(Task prompt): Return every record below exactly as written, but leave out the pictures.

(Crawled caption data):
==*==
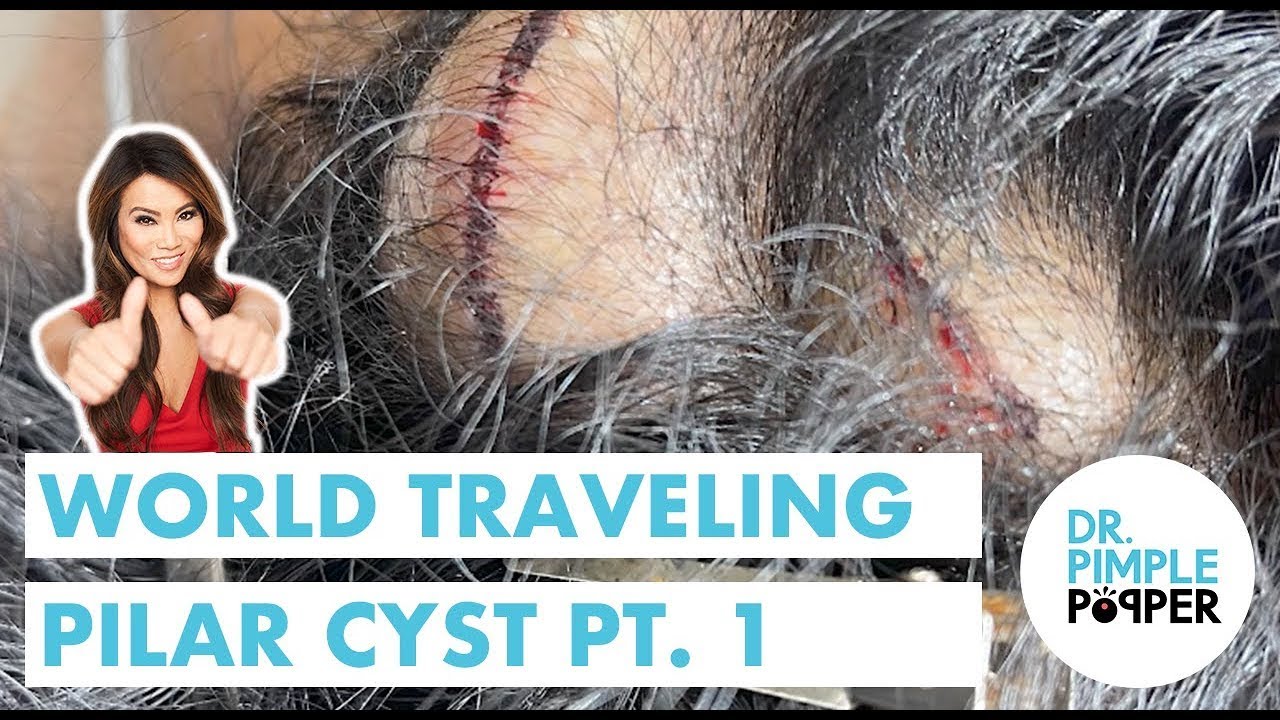 World Traveling Pilar Cyst Part 1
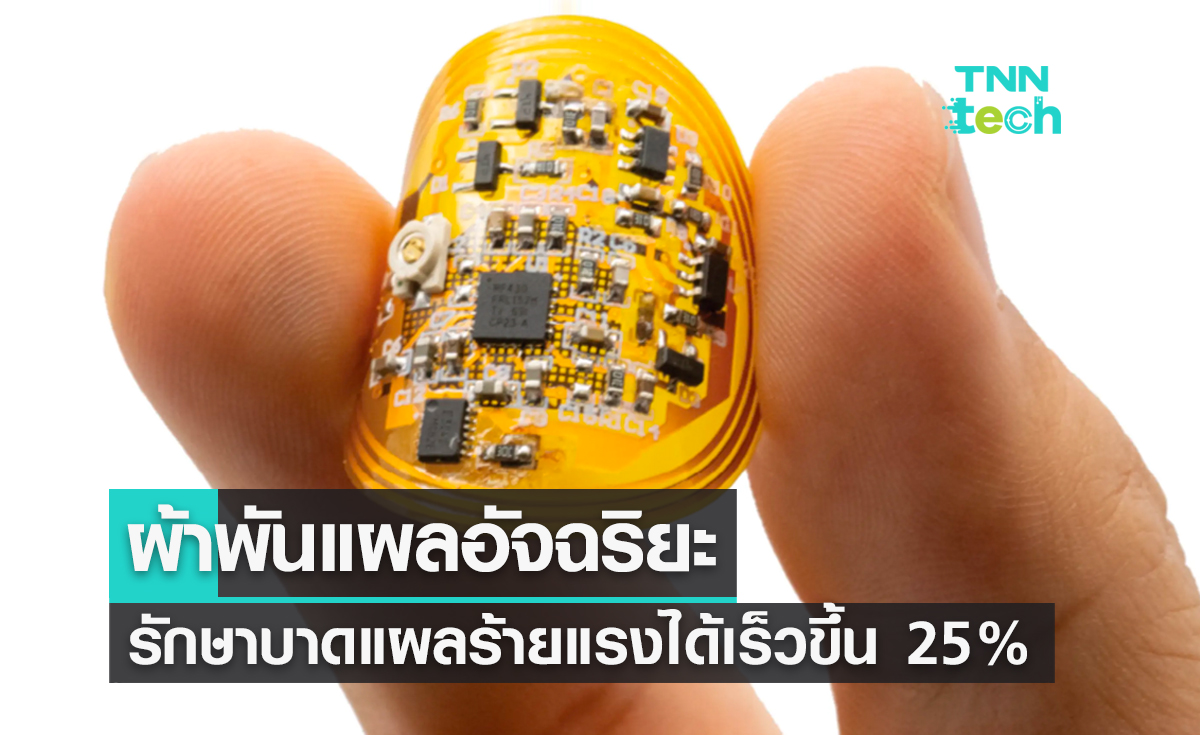 ผ้าพันแผลอัจฉริยะ รักษาบาดแผลร้ายแรงได้เร็วขึ้น 25%
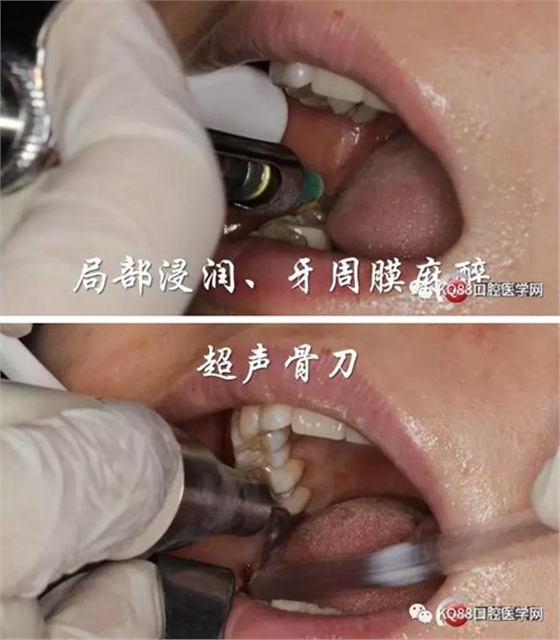 智齿拔除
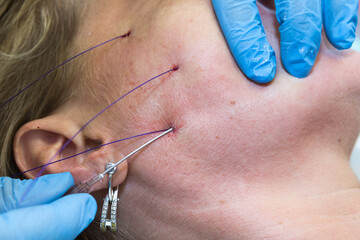 Close-up anti-age facial lifting procedure using PDO threads of polylactic acid applied in the face with aseptic cannula before extending skin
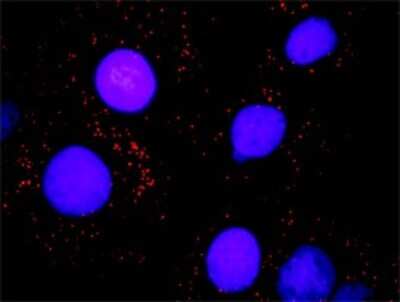 Proximity Ligation Assay: WSTF Antibody (5E9) [H00009031-M01]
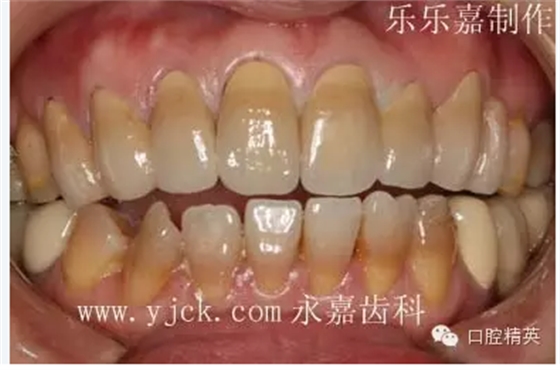 QQ圖片20150727150419.png QQ圖片20150727150419.png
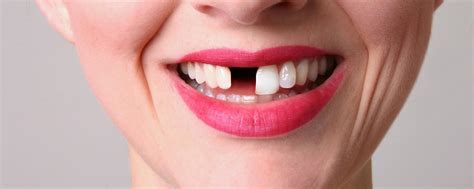 Do Brits Really Have Bad Teeth Bbc Future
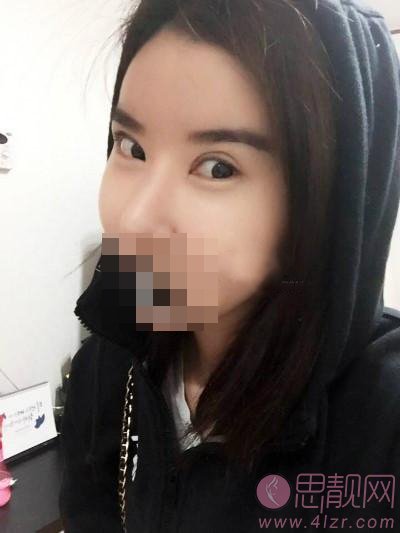 成都美绽美整形美容医院张小虎修复双眼皮如何？附案例分享+2020价格表公布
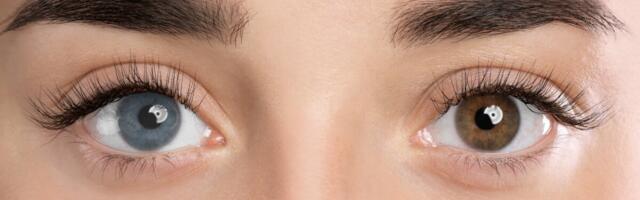 Silmavärvi muutmine on võimalik, aga mitte riskivaba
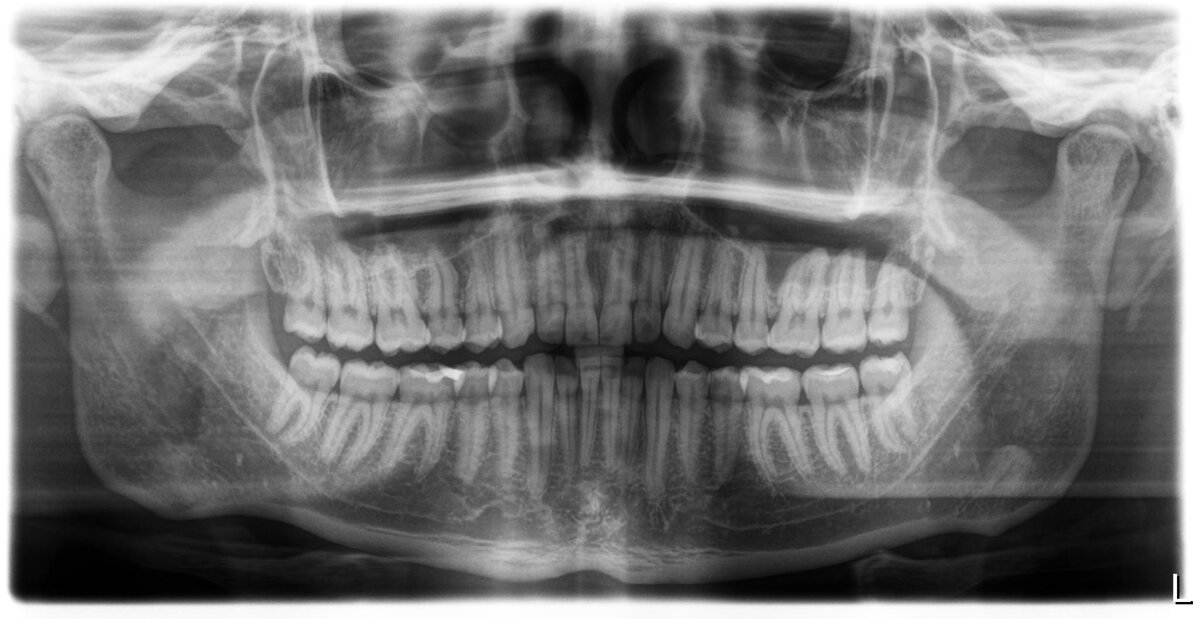 Например у этого пациента все четыре зуба мудрости прорезались правильно и даже в полости рта стоят ровно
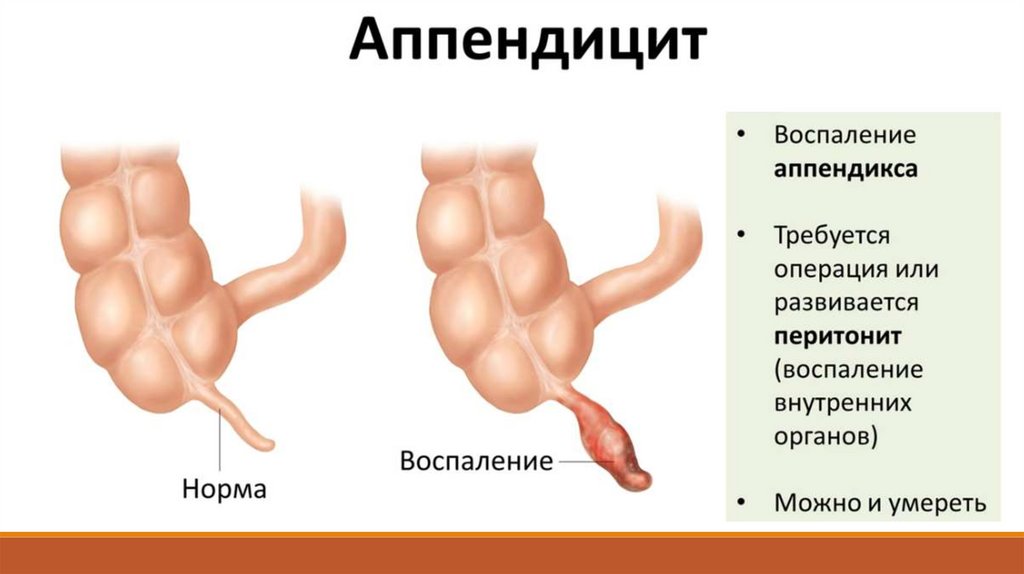 Где Аппендицит Фото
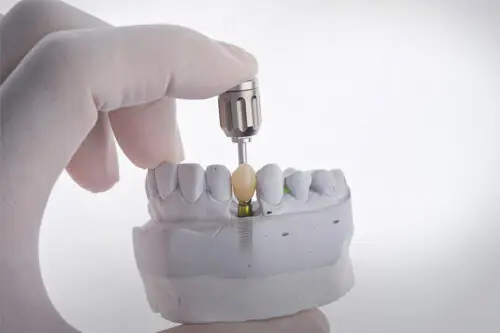 Single Tooth Implant
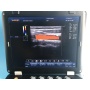 Win7 PC platform laptop doppler ultrasound 3d gynecologic / pregnancy  doppler ultrasound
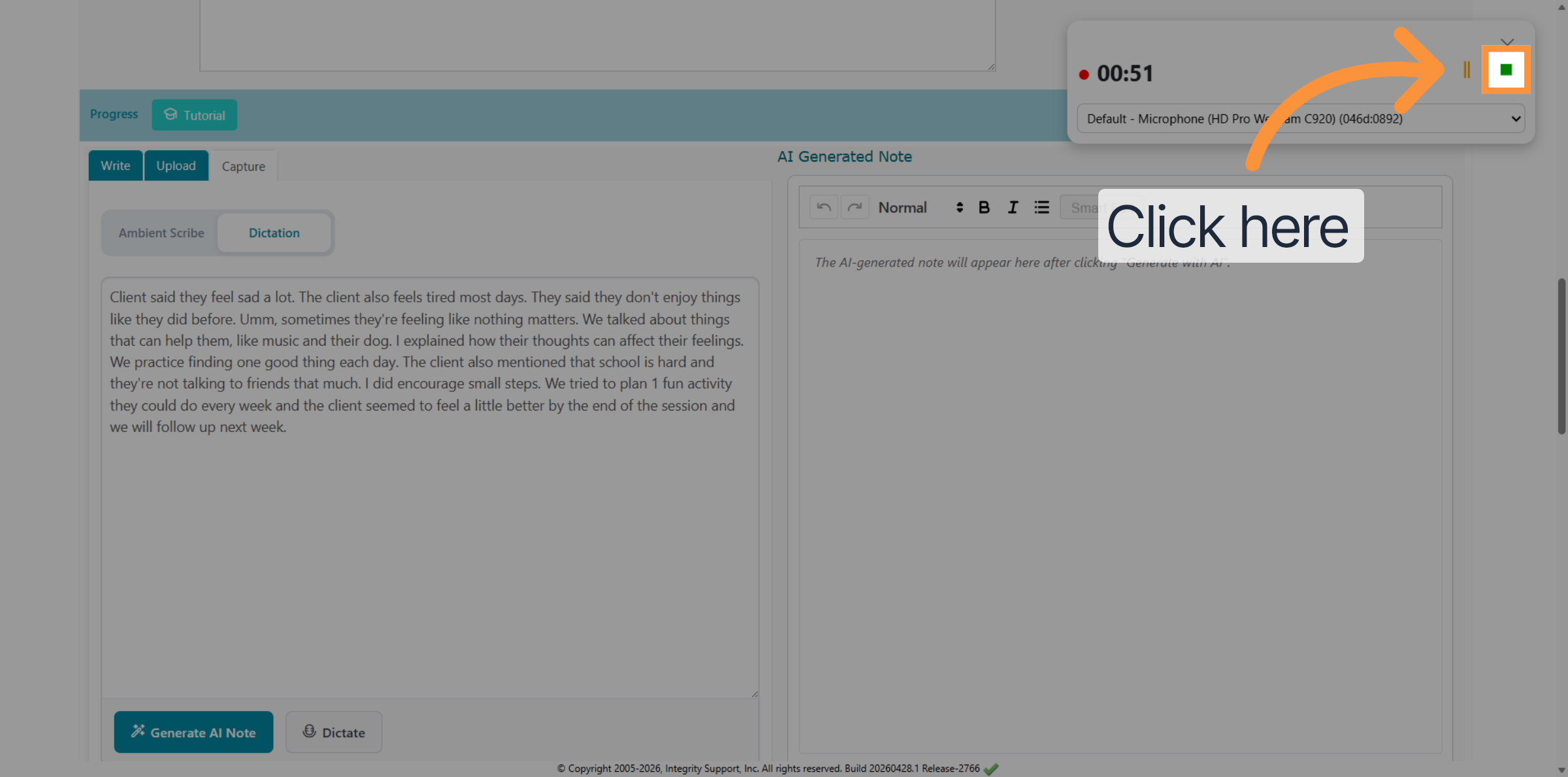 Advance Editing Options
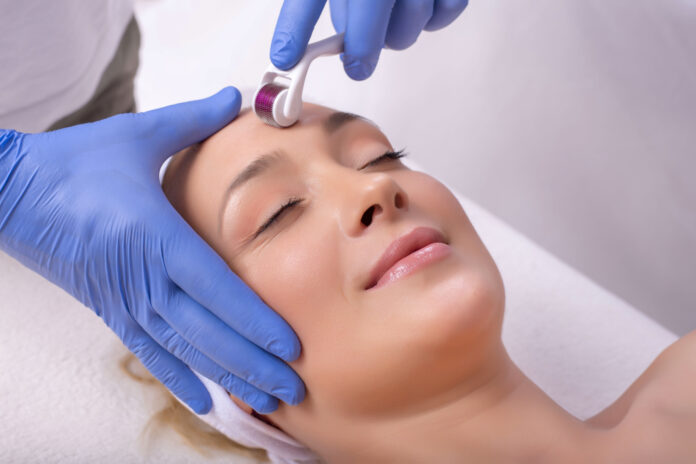 microneedling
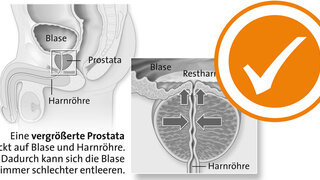 Prostata Restharnbildung bei Prostatavergrößerung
==*==
(Response box):
 World Traveling Pilar Cyst Part 1
 ผ้าพันแผลอัจฉริยะ รักษาบาดแผลร้ายแรงได้เร็วขึ้น 25%
 智齿拔除
 Close-up anti-age facial lifting procedure using PDO threads of polylactic acid applied in the face with aseptic cannula before extending skin
 Proximity Ligation Assay: WSTF Antibody (5E9) [H00009031-M01]
 QQ圖片20150727150419.png QQ圖片20150727150419.png
 Do Brits Really Have Bad Teeth Bbc Future
 成都美绽美整形美容医院张小虎修复双眼皮如何？附案例分享+2020价格表公布
 Silmavärvi muutmine on võimalik, aga mitte riskivaba
 Например у этого пациента все четыре зуба мудрости прорезались правильно и даже в полости рта стоят ровно
 Где Аппендицит Фото
 Single Tooth Implant
 Win7 PC platform laptop doppler ultrasound 3d gynecologic / pregnancy  doppler ultrasound
 Advance Editing Options
 microneedling
 Prostata Restharnbildung bei Prostatavergrößerung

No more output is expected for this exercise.